Em um relatório de 2022, a OCDE afirmou que o ilícito encontrou espaço por causa de fatores como “a reformulação da estrutura de fornecedores, a destruição das relações existentes nas cadeias de suprimentos e ainda a mudança nas prioridades de fiscalização.”

“O comércio de bebidas alcoólicas irregulares é um alvo atraente para o crime organizado, visto que tanto o mercado quanto os lucros potenciais são elevados, exigindo, em alguns casos, pouco investimento,” afirmou o relatório. “É importante ressaltar que o álcool ilícito fornecido por criminosos é frequentemente de qualidade inferior e apresenta riscos altíssimos à saúde.”

Sabe aquela Veuve Clicquot que um site de promoções está vendendo pela metade do preço dos importadores oficiais? É gigante a probabilidade de as borbulhas não serem francesas.

Na China, um comerciante que vendia uma variedade de produtos de champanhe premium no Tmall, um site operado pelo Alibaba, foi pego em 2019 vendendo garrafas falsificadas de Dom Pérignon Luminous Millesime Brut 2002, relatou a OCDE. A Moët Hennessy, dona da marca, descobriu a fraude após comprar e inspecionar duas caixas.

Houve também casos de uísques falsificados no Reino Unido e de vinhos adulterados na Itália. Nos EUA, a Buffalo Trace Distillery, produtor de um dos bourbons mais prestigiados, tem sido alvo de uma série de golpes de falsificação online.

De acordo com a OCDE, o apelo ao crime sobe quando a tributação sobre os importados é muito elevada, como no caso do Brasil e da Índia.

Já quando o assunto são as penas contra os criminosos, o leão brasileiro fica mansinho. Estão previstas condenações inferiores a um ano de cadeia, que podem ser transformadas em multas. Na maior parte dos países analisados, as penas podem chegar a cinco anos de prisão. Na China e no Japão, as condenações podem chegar a dez anos.

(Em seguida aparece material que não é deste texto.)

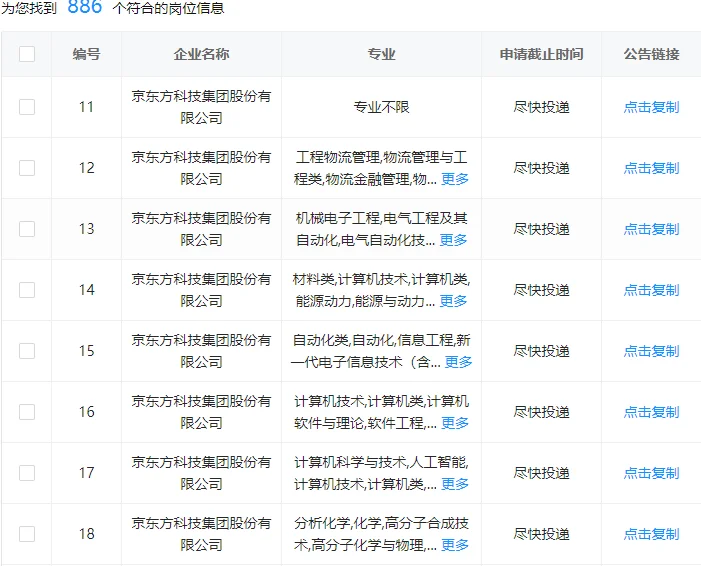 不能错过的央国企京东方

Como já teorizou o economista Gary Becker, ganhador do Nobel de 1992, os criminosos agem em boa medida seguindo um cálculo racional de custos e benefícios.

Para a maioria das pessoas, o custo marginal do ilícito supera os benefícios – e por isso elas dificilmente vão cometer delitos graves. Mas para alguns, no entanto, o benefício marginal supera os custos, o que as torna mais propensas ao delito.

Para Becker, a dissuasão dos crimes depende não tanto dos prazos das penas ou dos valores das multas, mas sim da probabilidade de as sanções serem aplicadas. A impunidade derruba as barreiras de entrada para os produtos ilícitos – e o crime ganha mercado.

Becker contribuiu para criação de um modelo sofisticado de análise de políticas públicas mais eficientes, mas uma de suas conclusões já estava presente no famoso tratado Dos delitos e das penas, de 1764, do então jovem jurista italiano Cesare Beccaria:

“A perspectiva de um castigo moderado, mas inevitável, causará sempre uma impressão mais forte do que o vago temor de um suplício terrível, em relação ao qual se apresenta alguma esperança de impunidade.”